_Problem statement_
Write out the full listing, matching it line for line.

_Dataset extract_

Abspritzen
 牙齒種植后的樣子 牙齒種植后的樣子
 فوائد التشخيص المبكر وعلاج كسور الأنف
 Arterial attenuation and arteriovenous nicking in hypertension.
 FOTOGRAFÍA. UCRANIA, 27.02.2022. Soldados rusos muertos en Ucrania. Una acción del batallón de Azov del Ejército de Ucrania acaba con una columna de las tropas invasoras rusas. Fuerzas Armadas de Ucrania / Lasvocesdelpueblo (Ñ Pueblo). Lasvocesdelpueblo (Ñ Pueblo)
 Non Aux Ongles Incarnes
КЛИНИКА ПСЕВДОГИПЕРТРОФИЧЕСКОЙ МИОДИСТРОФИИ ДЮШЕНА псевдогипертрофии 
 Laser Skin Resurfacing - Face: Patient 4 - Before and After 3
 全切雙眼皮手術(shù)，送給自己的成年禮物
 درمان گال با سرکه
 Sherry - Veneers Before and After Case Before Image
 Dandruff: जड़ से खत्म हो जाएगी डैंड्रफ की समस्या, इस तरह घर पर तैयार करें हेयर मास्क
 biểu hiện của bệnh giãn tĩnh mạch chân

_Finished exercise_
Abspritzen
 牙齒種植后的樣子 牙齒種植后的樣子
 فوائد التشخيص المبكر وعلاج كسور الأنف
 Arterial attenuation and arteriovenous nicking in hypertension.
 FOTOGRAFÍA. UCRANIA, 27.02.2022. Soldados rusos muertos en Ucrania. Una acción del batallón de Azov del Ejército de Ucrania acaba con una columna de las tropas invasoras rusas. Fuerzas Armadas de Ucrania / Lasvocesdelpueblo (Ñ Pueblo). Lasvocesdelpueblo (Ñ Pueblo)
 Non Aux Ongles Incarnes
КЛИНИКА ПСЕВДОГИПЕРТРОФИЧЕСКОЙ МИОДИСТРОФИИ ДЮШЕНА псевдогипертрофии 
 Laser Skin Resurfacing - Face: Patient 4 - Before and After 3
 全切雙眼皮手術(shù)，送給自己的成年禮物
 درمان گال با سرکه
 Sherry - Veneers Before and After Case Before Image
 Dandruff: जड़ से खत्म हो जाएगी डैंड्रफ की समस्या, इस तरह घर पर तैयार करें हेयर मास्क
 biểu hiện của bệnh giãn tĩnh mạch chân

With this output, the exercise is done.